Les mystères du passé et de l’identité


Natsume Ono joue de toute évidence sur le terrain de l’alternatif (tout en restant très accessible), et on ne s’y trompe pas quand on prête attention à la construction de l’histoire et de la façon dont les thèmes sont abordés.

Plus qu’un titre historique, Goyô est une série qui fait la part belle aux mystères et aux intrigues. De plus, elle se distingue nettement de beaucoup de série manga, dans le sens où on a l’impression que l’histoire dans son entièreté a été pensée comme un tout indissociable. Certes, il y a des petits épisodes plus en marge de l’histoire pour apprendre à connaître les personnages. Néanmoins, même dans ces occasions, rien n’est gratuit et tout finit à un moment ou à un autre par servir l’intrigue.
En fait, Goyô se lit avant tout comme un bon roman, où on se laisse happer par l’intrigue, l’ambiance et l’évolution des personnages. Et qui s’apprécie d’autant plus quand on la relit d’un trait.

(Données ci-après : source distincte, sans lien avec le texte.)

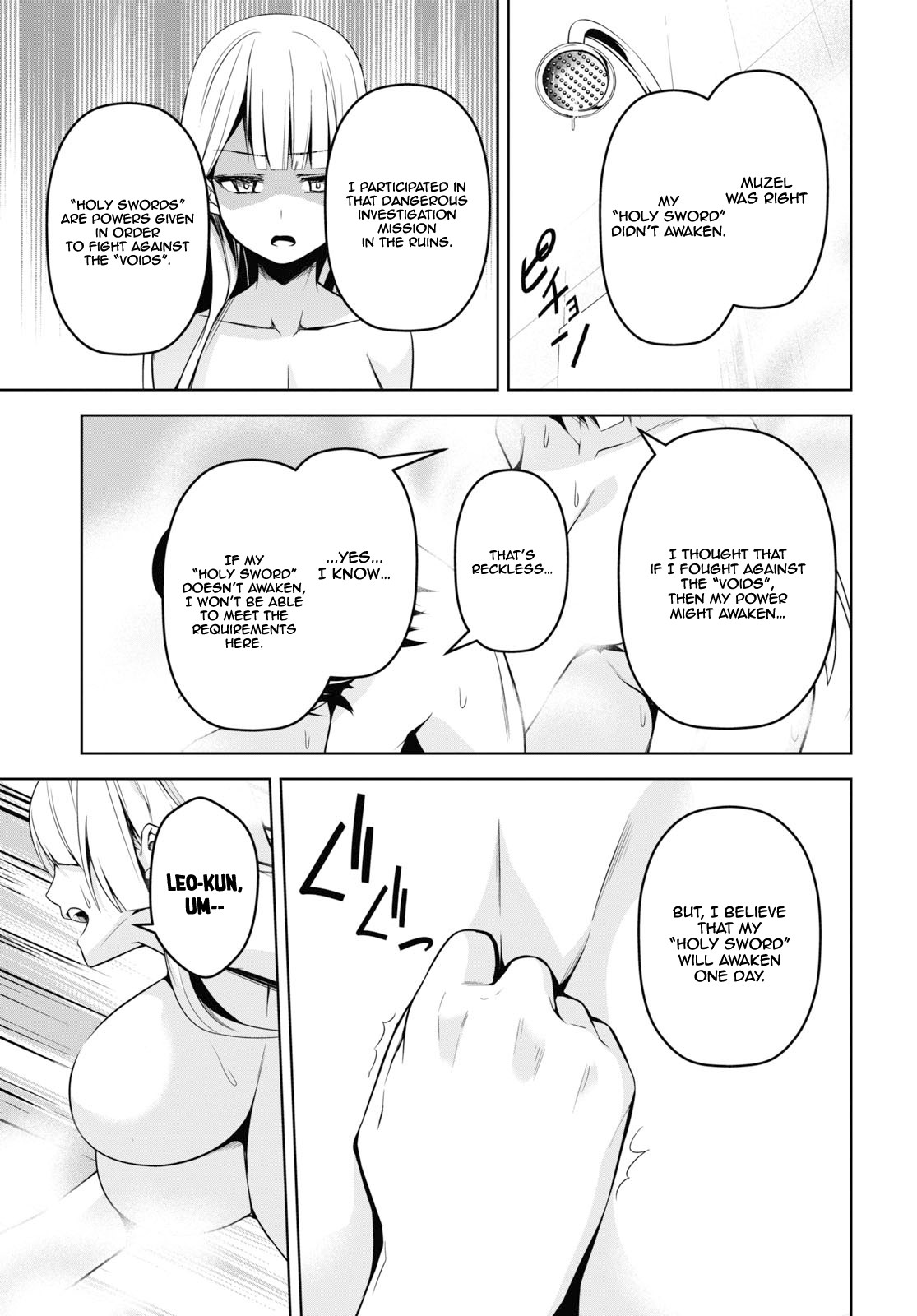 Demon's Sword Master of Excalibur School Chapter 3 page 30 - Chapter 3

« La marche du temps est triple : L’avenir arrive à pas lents ; Rapide comme la flèche, le présent s’est envolé ; Le passé demeure éternellement immobile. »

Le passé et la façon dont il nous affecte dans notre vie de tous les jours est un des grands thèmes de Goyô. En effet, chaque membre des Goyô cache des blessures secrètes, des remords ou des choses dont ils n’ont pas lieu d’être fier, et qui reviennent les hanter au fur et à mesure de l’intrigue.
C’est particulièrement le cas pour Yaichi, dont le passé est au cœur du titre puisqu’il a créé le groupe des cinq lobes précisément pour combler une blessure ancienne.
D’ailleurs, plus son passé semble le rattraper, plus il semble sombrer dans la déchéance, incapable d’assumer ce qu’il a fait et refusant de demander de l’aide à sa bande, qui pourtant le considère avec beaucoup de respect, d’amitié et d’affection. Le changement dans son état mental en est presque terrifiant, tant il s’éloigne du jeune homme plein de confiance et de bagou qu’on a rencontré en même temps que Masa.
 
 

 
 
Ce dernier d’ailleurs, lui aussi porteur de beaucoup de regrets dans son passé, entreprend le trajet inverse. Plus il fait face à son passé, à ses problèmes familiaux, plus il prend confiance en lui, plus il parvient à s’imposer comme un leader, comme le chef de famille qu’il était voué à devenir à l’origine. L’un monte, l’autre descend, mais tous les deux continuent de se compléter et de se soutenir. L’inévitable yin et yang, à nouveau. Et il en bien sûr de même pour tous les personnages, et même dans les raisons pour laquelle l’organisation de ces kidnappeurs au grand cœur s’est formé à l’origine.

Goyô s’intéresse aussi beaucoup aux questions d’identités.
La notion d’héritier et ce que cela implique est présent en filigrane tout au long du titre. Se définit-on par rapport à sa famille, ses amis ou entièrement soi-même ? Si on est rejeté par sa propre famille, quelle est notre place dans la société ? La pureté du sang a-t’elle une si grande importance ? Des thèmes lourds, pas toujours évidents, mais universels et très bien traités sous la plume de l’auteure, tout en finesse, fluidité et douceur.
Dans un registre plus introspectif, certains personnages possèdent tellement de noms à cause de leur vie mouvementée qu’on ne sait plus finalement comment les appeler. D’autres cachent délibérément leur identité afin de ne pas gâcher la relation qu’il pourrait avoir avec les autres. Et finalement, certains ont tellement changé, évolué, que le nom qu’on leur apposait au début et celui qu’on leur donne à la fin  n’est plus tout à fait le même, même si leur nature profonde ne change pas fondamentalement. Un thème adéquat et qui sied parfaitement à la mise en scène de l’auteure.

Goyô, c’est aussi l’histoire d’une bande, qui s’agrandit petit à petit, avec des membres qui n’ont finalement pas grand-chose en commun, mais qui s’attachent les uns aux autres et développent des liens au-delà de la simple raison. Ce naturel dans l’évolution des relations et cette façon de nous les présenter rend l’œuvre d’autant plus humaine, réaliste et touchante.

Difficile (impossible) de trop s’aventurer à partir plus en profondeur sur le titre et ses grands thèmes sans faire des révélations qui gâcherait l’effet produit. Néanmoins, une chose est sûre, le style de Natsume Ono tranche à beaucoup de niveaux avec ce qu’on peut voir ailleurs, tout en restant très fluide pour tout type de lecteur. Une vraie bouffée de fraîcheur dans la production manga, et on ne peut qu’espérer voir les autres titres de la mangaka débarqués un jour dans nos contrées.